De son côté, le secteur privé a un rôle à jouer. Par exemple en prolongeant la durée de vie des produits en plastique, notamment en les réutilisant et en produisant des matériaux à plus forte teneur en matières recyclées. En adoptant des matériaux de substitution au plastique, comme le bambou ou les métaux, dans la construction.
De leur côté, les parties prenantes de l’industrie du plastique font observer que les pays peinent à obtenir des financements pour les infrastructures de recyclage. La principale raison en est la rentabilité relativement faible liée aux faibles quantités de matières plastiques recyclables disponibles. Dans les régions où les infrastructures de gestion des déchets solides font défaut, une importante main-d’œuvre informelle s’est développée, cependant les collecteurs informels utilisent des méthodes de ramassage rudimentaires. En conséquence, la majorité des plastiques collectés est contaminée et impropre au recyclage.
De plus, de nombreux pays ouest-africains manquent de cadres politiques clairs en matière de promotion de la circularité dans la gestion des plastiques. Il a également été constaté que la sensibilisation des consommateurs aux approches d’économie circulaire était nettement insuffisante dans la région.
Un appel à l’action
Voilà pourquoi il convient, expliquent les professionnels, de définir des politiques qui ciblent la circularité et la prévention des déchets plastiques, d’encourager une collaboration plus forte entre les parties prenantes des secteurs public, privé, informel et de développement.

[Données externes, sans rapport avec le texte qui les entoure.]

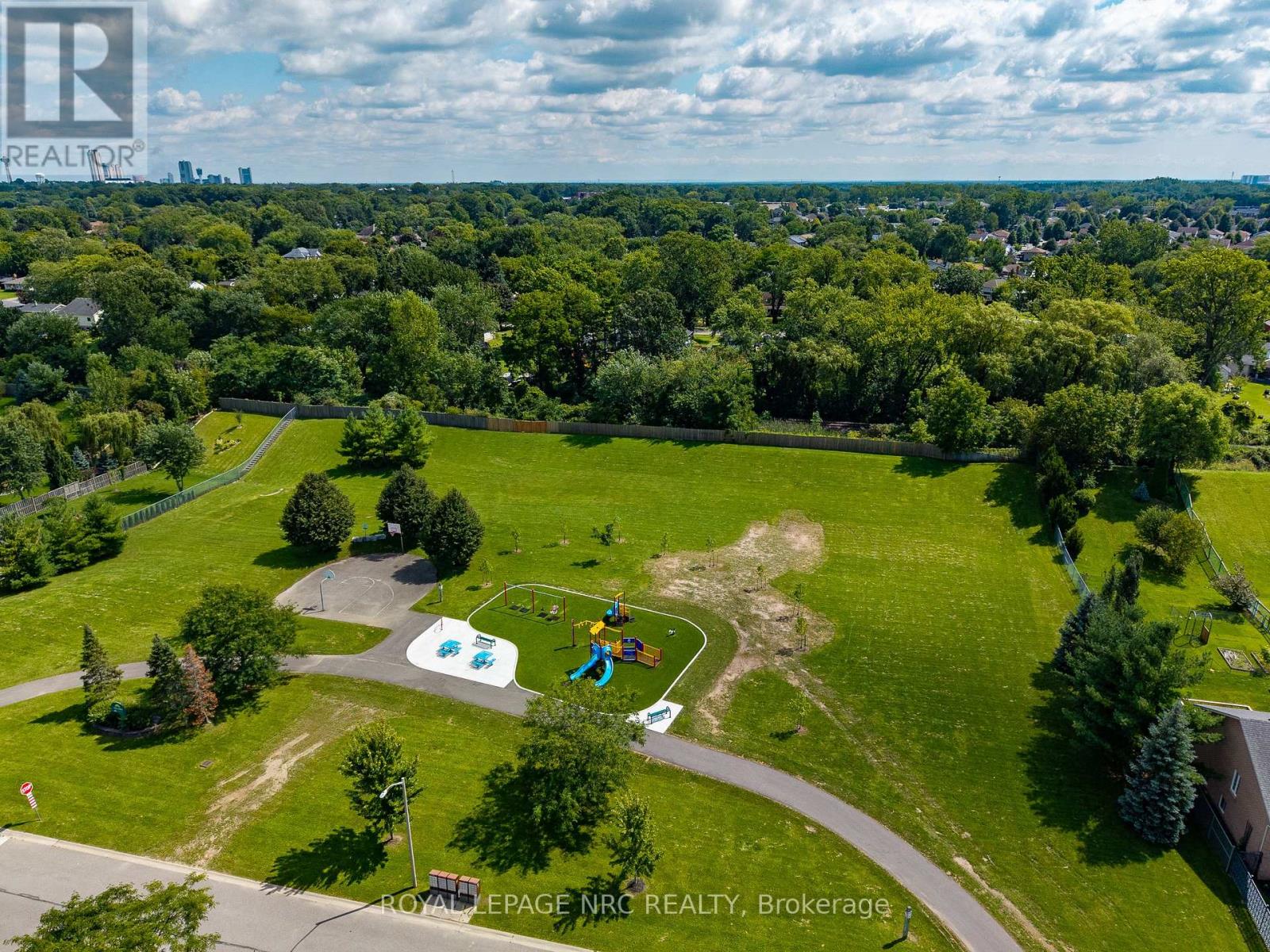 8093 Beaverton Boulevard, Niagara Falls, Ontario  L2H 3K5 - Photo 47 - X13716546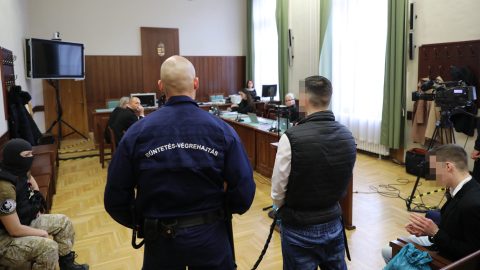 „Nem fogadom el a bocsánatkérést” – ezt mondta az egyik megölt fiú édesapja a Deák téri kettős gyilkosnak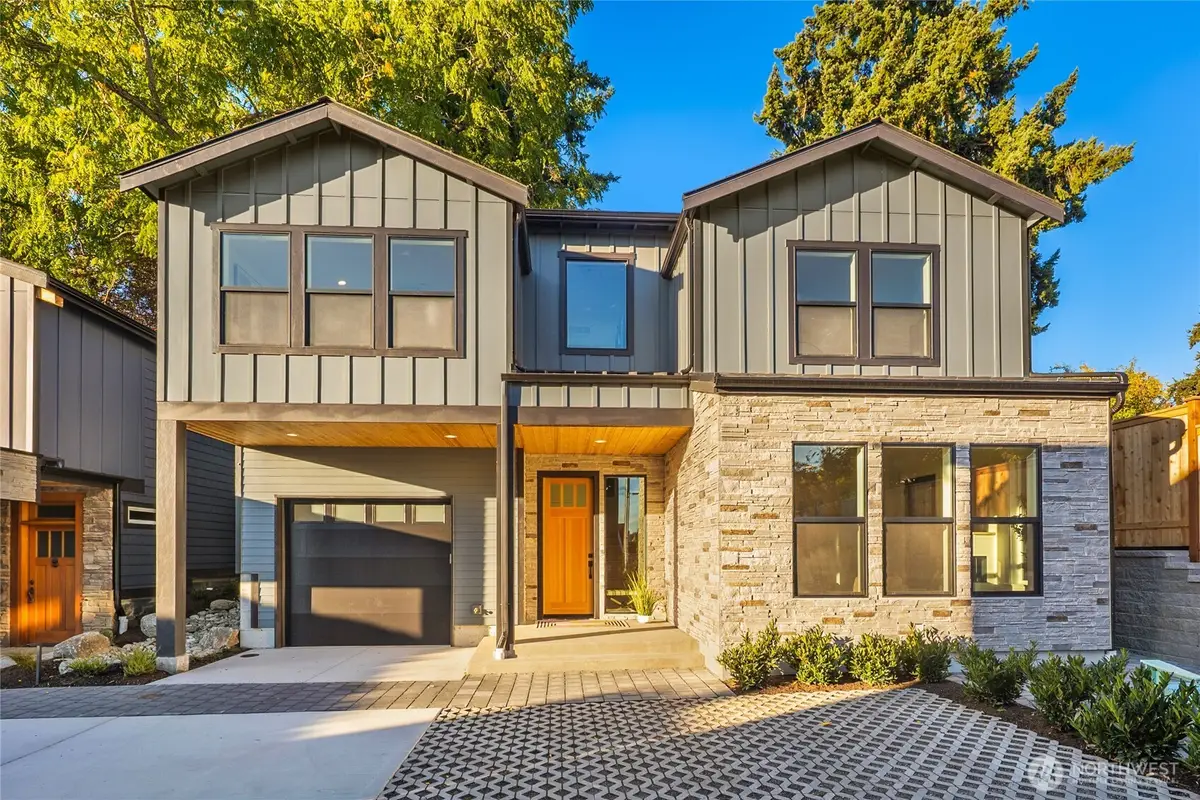 636 11th Avenue, Kirkland, WA 98033 - #1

Ainsi que de fournir des ressources dédiées à la recherche et au développement pour l’innovation, le développement de produits et matériaux de substitution au plastique et les projets pilotes. Et d’intensifier le commerce intra-régional des plastiques récupérés.
Voilà pourquoi la publication de cette étude, durant l’été 2023, se double d’un « appel à l’action », adressé aux décideurs, en matière de normes, de taxes, d’incitation à la R&D, etc.
Par exemple, il faut « accroître le commerce intra-régional de plastiques récupérés afin de réduire le fardeau des déchets plastiques qui pèse sur les petites économies, en tirant parti de la concentration des capacités de transformation et de recyclage des plastiques des pays tels que la Côte d’Ivoire, le Ghana et le Nigeria », recommande WACA. Initiative qui associerait les récupérateurs « informels » de déchets, reconnus comme étant des acteurs importants dans l’élaboration de solutions, ainsi que les banques de développement et les bailleurs de fonds bilatéraux.